Aim of the exercise
From the data below, retype exactly the lines starting with the one that contains "Tissa-Wewa-See bei Tissamaharama" and ending with the one that contains "Achillea pachycephala: Achillea", both included.

*** Stored data ***

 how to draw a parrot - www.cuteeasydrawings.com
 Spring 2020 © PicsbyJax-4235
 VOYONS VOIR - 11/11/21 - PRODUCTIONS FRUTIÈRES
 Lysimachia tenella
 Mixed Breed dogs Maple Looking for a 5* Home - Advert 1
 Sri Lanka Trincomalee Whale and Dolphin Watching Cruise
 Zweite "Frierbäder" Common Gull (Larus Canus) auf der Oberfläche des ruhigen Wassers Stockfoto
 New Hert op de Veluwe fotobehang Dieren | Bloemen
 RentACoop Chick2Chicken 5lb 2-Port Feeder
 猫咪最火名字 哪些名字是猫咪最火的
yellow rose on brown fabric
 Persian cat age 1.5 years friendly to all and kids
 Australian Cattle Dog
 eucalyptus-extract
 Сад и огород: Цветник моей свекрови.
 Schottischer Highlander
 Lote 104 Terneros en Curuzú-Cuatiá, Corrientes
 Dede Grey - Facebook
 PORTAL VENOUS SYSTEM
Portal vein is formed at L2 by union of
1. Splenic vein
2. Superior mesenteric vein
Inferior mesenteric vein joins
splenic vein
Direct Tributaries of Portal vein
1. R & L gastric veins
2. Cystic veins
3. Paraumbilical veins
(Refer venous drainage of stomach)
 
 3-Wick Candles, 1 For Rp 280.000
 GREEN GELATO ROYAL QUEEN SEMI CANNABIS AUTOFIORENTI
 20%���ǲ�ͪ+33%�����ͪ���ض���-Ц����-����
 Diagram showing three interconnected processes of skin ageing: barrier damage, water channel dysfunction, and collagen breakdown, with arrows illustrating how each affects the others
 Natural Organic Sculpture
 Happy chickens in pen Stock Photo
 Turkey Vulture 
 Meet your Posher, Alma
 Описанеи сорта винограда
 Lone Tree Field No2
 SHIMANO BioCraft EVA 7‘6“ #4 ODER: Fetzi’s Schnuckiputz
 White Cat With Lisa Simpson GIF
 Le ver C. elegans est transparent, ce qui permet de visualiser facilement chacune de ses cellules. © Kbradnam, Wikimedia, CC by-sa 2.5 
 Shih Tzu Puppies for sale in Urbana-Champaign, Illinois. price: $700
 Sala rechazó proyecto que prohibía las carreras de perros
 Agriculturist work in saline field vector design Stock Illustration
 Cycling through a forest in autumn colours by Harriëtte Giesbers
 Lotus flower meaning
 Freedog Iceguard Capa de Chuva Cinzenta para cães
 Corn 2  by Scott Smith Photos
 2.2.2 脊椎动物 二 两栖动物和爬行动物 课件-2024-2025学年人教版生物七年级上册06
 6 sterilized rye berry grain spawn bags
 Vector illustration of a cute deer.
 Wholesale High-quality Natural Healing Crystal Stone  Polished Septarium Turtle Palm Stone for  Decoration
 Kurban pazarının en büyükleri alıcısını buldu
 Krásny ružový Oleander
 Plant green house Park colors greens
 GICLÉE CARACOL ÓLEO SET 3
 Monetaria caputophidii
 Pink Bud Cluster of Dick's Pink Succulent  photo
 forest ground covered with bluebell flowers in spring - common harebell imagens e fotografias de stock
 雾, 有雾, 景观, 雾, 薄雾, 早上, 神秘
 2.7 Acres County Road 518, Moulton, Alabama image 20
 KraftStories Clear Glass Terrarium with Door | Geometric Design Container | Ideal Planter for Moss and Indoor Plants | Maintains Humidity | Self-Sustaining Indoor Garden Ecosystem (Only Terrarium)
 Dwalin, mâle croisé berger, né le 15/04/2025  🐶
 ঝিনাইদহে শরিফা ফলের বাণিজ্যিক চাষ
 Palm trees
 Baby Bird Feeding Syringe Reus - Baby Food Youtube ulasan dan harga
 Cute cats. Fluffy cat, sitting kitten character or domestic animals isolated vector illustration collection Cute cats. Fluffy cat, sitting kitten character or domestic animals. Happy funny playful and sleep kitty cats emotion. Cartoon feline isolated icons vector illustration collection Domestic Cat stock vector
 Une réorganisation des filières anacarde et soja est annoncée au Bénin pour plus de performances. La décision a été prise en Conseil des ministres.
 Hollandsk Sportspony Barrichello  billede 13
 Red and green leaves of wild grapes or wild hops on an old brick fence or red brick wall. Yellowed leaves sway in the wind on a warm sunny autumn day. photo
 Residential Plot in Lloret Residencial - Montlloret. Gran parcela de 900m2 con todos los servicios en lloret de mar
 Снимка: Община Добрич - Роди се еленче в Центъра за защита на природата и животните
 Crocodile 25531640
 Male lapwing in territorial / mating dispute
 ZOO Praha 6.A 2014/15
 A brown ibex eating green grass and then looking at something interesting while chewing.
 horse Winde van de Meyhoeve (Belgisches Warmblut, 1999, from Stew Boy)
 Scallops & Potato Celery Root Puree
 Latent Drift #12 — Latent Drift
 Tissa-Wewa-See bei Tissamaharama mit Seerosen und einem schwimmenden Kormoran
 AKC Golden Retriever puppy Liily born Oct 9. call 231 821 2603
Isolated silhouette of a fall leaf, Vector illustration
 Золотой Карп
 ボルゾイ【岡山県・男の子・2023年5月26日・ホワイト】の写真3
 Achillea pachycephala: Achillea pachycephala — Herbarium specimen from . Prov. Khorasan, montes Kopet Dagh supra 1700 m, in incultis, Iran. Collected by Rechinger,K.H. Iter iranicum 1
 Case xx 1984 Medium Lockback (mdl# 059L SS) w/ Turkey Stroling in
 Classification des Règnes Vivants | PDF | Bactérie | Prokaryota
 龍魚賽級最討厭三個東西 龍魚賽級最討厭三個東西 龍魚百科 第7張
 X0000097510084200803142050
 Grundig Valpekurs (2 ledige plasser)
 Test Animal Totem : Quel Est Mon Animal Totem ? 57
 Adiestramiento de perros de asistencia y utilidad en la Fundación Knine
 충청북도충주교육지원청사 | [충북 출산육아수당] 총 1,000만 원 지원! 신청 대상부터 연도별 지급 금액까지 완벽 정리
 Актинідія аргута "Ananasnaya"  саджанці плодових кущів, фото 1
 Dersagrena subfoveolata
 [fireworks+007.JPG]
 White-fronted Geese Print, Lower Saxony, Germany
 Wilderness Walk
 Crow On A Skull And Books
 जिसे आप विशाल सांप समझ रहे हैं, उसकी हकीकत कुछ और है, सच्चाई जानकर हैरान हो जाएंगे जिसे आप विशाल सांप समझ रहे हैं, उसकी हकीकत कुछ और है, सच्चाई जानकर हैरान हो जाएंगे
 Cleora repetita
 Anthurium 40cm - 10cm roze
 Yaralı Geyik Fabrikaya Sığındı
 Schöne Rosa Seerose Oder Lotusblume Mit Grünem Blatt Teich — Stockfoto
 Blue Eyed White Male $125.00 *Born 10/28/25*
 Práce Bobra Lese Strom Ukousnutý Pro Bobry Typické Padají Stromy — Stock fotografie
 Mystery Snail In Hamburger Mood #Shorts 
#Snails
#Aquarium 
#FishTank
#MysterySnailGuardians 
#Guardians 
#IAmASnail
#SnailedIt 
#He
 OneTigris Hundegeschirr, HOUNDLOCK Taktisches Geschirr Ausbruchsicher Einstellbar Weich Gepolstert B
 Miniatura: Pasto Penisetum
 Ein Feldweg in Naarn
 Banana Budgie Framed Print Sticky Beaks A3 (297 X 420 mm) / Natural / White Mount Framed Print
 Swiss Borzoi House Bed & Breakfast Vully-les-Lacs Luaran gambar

*** End of Stored data ***

Finished exercise
 Tissa-Wewa-See bei Tissamaharama mit Seerosen und einem schwimmenden Kormoran
 AKC Golden Retriever puppy Liily born Oct 9. call 231 821 2603
Isolated silhouette of a fall leaf, Vector illustration
 Золотой Карп
 ボルゾイ【岡山県・男の子・2023年5月26日・ホワイト】の写真3
 Achillea pachycephala: Achillea pachycephala — Herbarium specimen from . Prov. Khorasan, montes Kopet Dagh supra 1700 m, in incultis, Iran. Collected by Rechinger,K.H. Iter iranicum 1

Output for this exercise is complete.